• Records supplied:
==================================================
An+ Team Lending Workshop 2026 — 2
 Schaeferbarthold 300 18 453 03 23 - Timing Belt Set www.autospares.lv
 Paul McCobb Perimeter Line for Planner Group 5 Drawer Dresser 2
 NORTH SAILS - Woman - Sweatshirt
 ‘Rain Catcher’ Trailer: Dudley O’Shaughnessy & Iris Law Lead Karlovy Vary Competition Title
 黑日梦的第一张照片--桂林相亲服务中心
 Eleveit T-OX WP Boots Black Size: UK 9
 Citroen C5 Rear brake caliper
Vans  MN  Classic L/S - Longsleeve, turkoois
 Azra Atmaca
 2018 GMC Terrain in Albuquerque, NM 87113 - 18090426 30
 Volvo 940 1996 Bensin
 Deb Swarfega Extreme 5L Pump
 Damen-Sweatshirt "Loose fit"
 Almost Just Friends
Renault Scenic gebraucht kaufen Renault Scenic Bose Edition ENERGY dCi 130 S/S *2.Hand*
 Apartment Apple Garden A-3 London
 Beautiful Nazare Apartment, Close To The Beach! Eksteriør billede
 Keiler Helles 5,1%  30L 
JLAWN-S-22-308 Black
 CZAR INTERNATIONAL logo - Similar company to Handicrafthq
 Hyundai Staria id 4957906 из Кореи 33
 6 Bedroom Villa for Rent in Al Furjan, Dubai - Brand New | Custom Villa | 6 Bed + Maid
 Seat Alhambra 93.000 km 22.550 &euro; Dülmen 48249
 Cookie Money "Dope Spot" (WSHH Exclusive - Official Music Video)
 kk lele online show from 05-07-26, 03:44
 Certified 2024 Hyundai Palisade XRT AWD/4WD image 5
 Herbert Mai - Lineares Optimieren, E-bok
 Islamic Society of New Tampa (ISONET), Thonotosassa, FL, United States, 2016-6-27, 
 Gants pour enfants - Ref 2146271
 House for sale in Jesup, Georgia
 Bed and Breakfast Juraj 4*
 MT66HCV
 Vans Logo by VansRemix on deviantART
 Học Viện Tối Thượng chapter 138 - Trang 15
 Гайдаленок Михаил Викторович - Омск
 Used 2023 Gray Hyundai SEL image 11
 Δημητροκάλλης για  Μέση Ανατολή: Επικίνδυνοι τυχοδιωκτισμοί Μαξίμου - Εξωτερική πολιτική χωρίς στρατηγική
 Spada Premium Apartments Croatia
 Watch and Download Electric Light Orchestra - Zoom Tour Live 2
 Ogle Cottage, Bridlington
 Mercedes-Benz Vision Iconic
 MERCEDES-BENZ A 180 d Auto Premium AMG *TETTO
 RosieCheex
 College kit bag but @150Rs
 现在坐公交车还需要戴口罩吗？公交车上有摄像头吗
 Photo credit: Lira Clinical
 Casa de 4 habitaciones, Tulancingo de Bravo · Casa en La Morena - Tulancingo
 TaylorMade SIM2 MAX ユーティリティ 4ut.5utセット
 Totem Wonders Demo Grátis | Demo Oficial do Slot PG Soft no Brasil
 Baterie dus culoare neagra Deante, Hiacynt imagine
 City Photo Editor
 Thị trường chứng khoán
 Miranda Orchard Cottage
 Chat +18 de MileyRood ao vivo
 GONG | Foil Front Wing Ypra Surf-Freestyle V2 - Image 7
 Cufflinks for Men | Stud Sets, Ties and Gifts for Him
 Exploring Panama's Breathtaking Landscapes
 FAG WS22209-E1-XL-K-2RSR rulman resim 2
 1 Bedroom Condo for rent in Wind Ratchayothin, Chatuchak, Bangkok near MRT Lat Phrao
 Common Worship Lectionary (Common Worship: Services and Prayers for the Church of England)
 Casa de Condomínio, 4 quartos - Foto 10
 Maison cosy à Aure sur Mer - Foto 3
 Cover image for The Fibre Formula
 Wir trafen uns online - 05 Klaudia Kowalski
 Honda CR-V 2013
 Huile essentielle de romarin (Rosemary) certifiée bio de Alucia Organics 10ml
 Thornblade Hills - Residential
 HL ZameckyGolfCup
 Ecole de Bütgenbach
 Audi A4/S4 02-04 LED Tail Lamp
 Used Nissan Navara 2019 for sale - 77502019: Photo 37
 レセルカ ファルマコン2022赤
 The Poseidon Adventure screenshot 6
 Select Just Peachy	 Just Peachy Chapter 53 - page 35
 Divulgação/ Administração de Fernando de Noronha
==================================================
Output each line of the listing above that has "Black".

 Eleveit T-OX WP Boots Black Size: UK 9
JLAWN-S-22-308 Black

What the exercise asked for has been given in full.